(Pictures with short captions)
══════

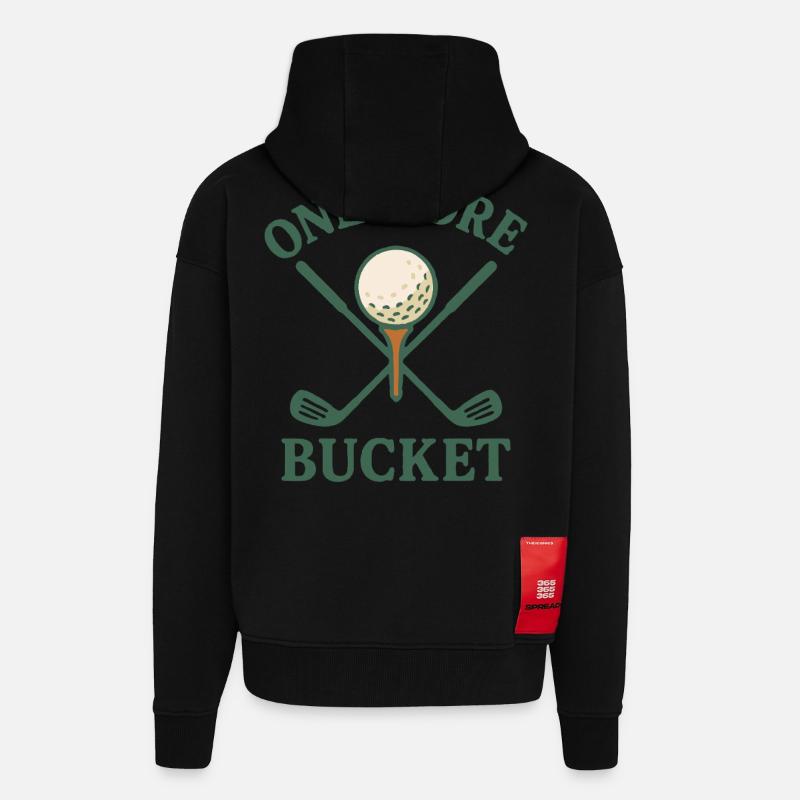 Ein weiterer Eimer Golfschläger Fun Design - Zip Hoodie - made by SPREAD - SOLID BLACK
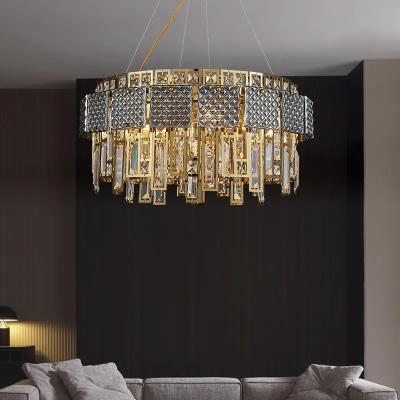 Anti-corrosão vidro fumado candelabro de cristal moderno AC110V-240V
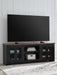 Wildenauer 76" TV Stand with Electric Fireplace - Abundant Home Collections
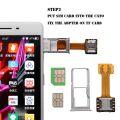 SIM Extender For all Hybrid slot Phone to Use 2 SIM And Micro SD Card At a time. 
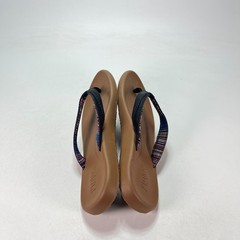 Flojos Black Brown Casual Memory Foam Footbed Flip Flops Sandals Women&rsquo;s Size 9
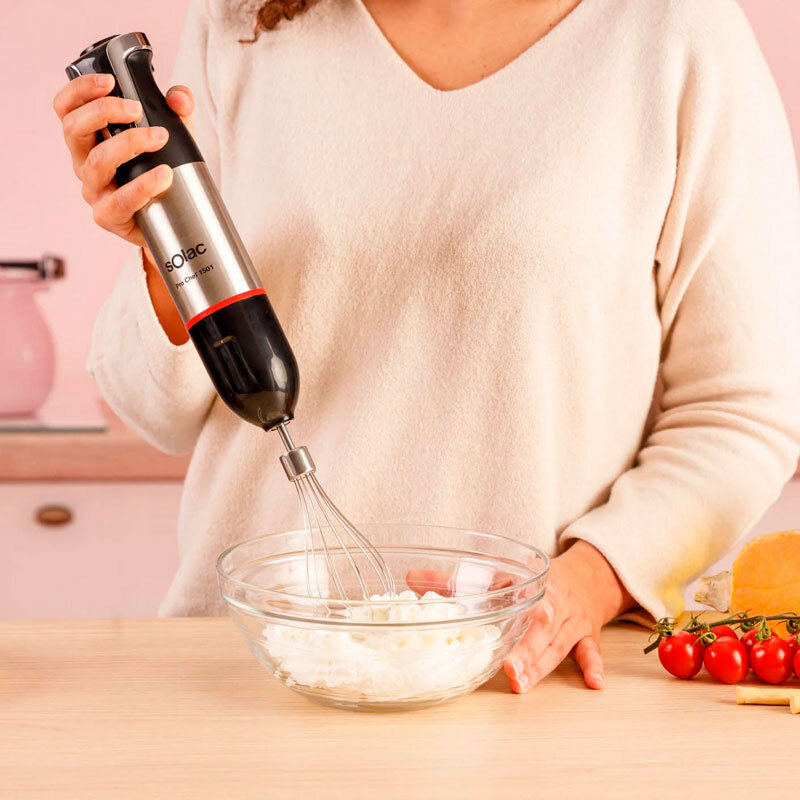 Batidora de mano Solac BA5618 (S91606400) – 1500 W, 20 velocidades, Picadora 600 ml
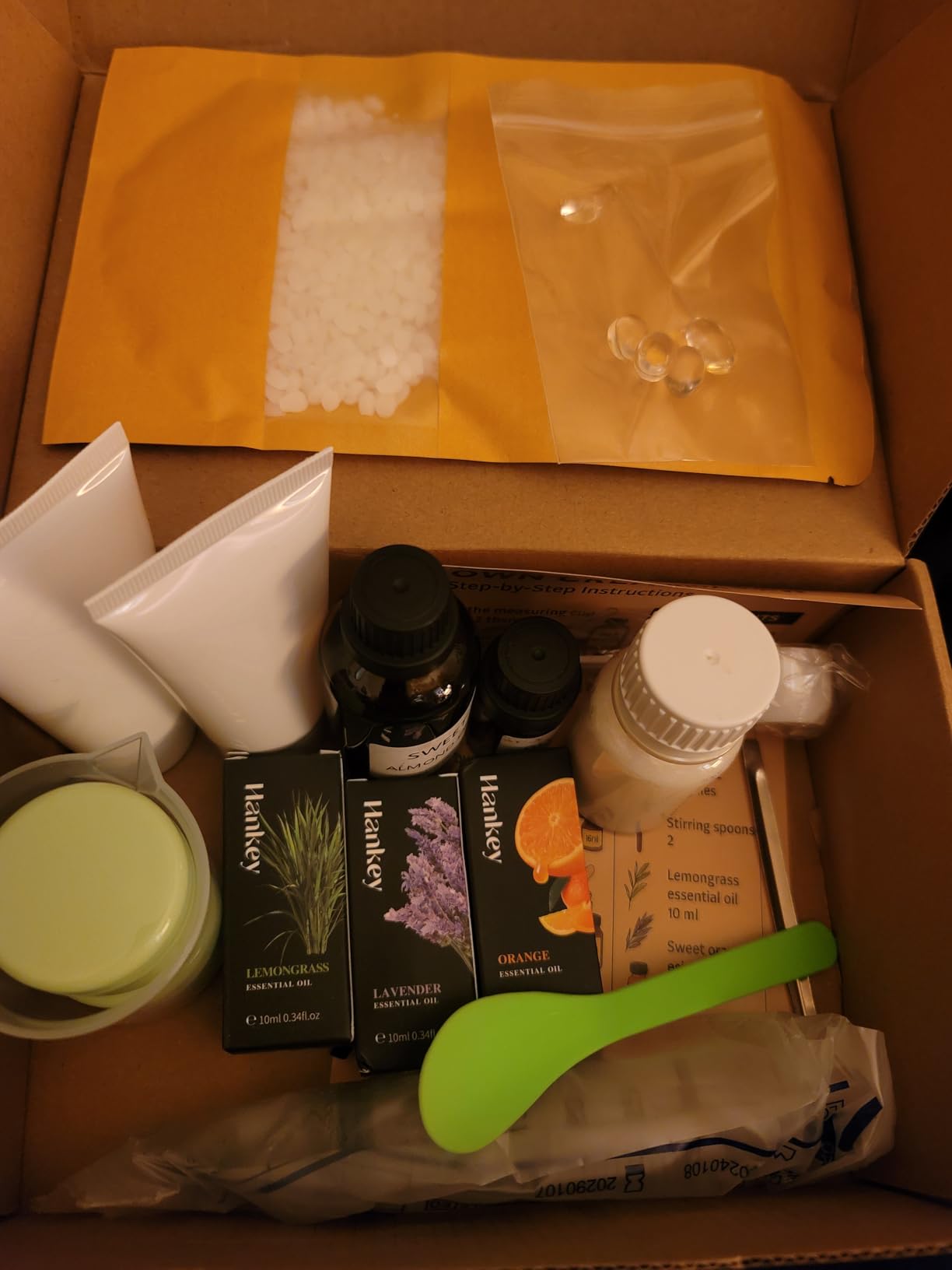 DIY Hand Cream Kit - Make 2 Custom Natural Hand Creams | Starter Set with Shea Butter Base, Essential Oils, Jars & Labels | Gift for Women, Teens, Beginners customer photo 1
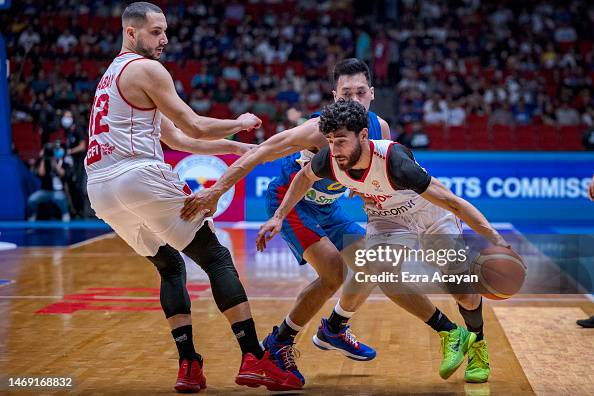 Javaad Khalil Jad Khalil of Team Lebanon drives to the basket during the FIBA... News ...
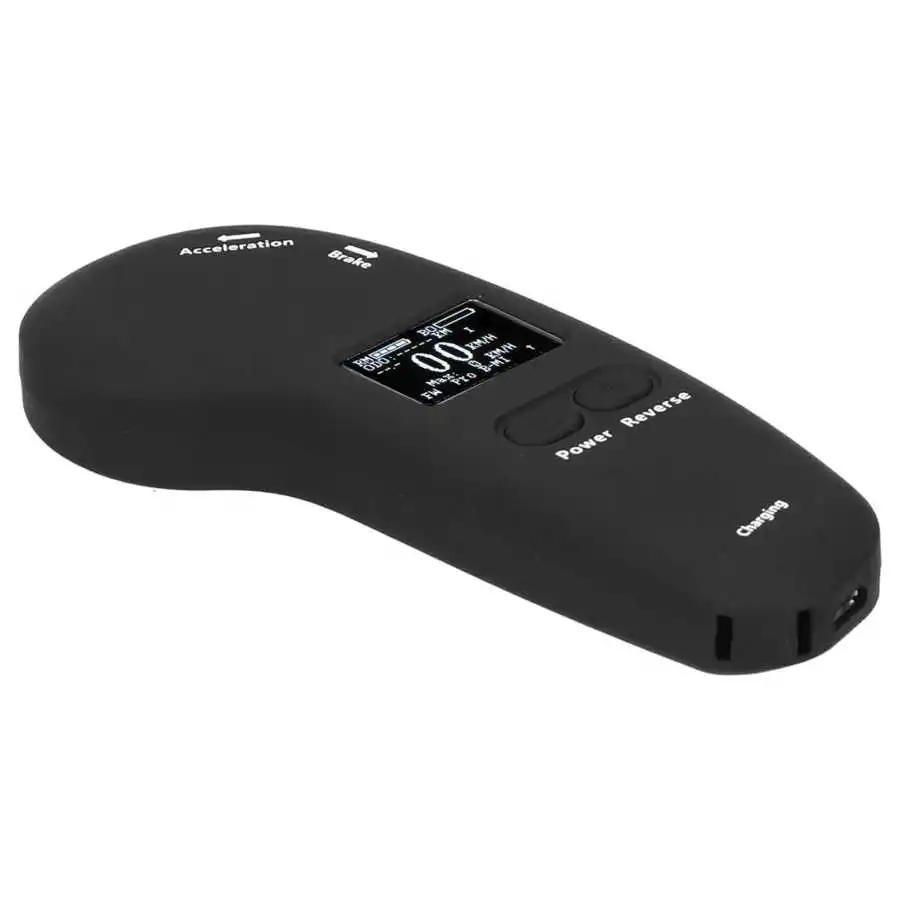 ESC ไฟฟ้าไร้สายจอแสดงผล LED รีโมทคอนโทรลล่องเรือสเก็ตบอร์ดเดี่ยว/Dual Drive Controller ไฟแสดงสถานะ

══════

- _Work to complete_
Repeat only the lines between the start of the data and the line with "Abundant Home Collections", including those two lines, and skip the pictures.

- _Response box_
 Ein weiterer Eimer Golfschläger Fun Design - Zip Hoodie - made by SPREAD - SOLID BLACK
 Anti-corrosão vidro fumado candelabro de cristal moderno AC110V-240V
 Wildenauer 76" TV Stand with Electric Fireplace - Abundant Home Collections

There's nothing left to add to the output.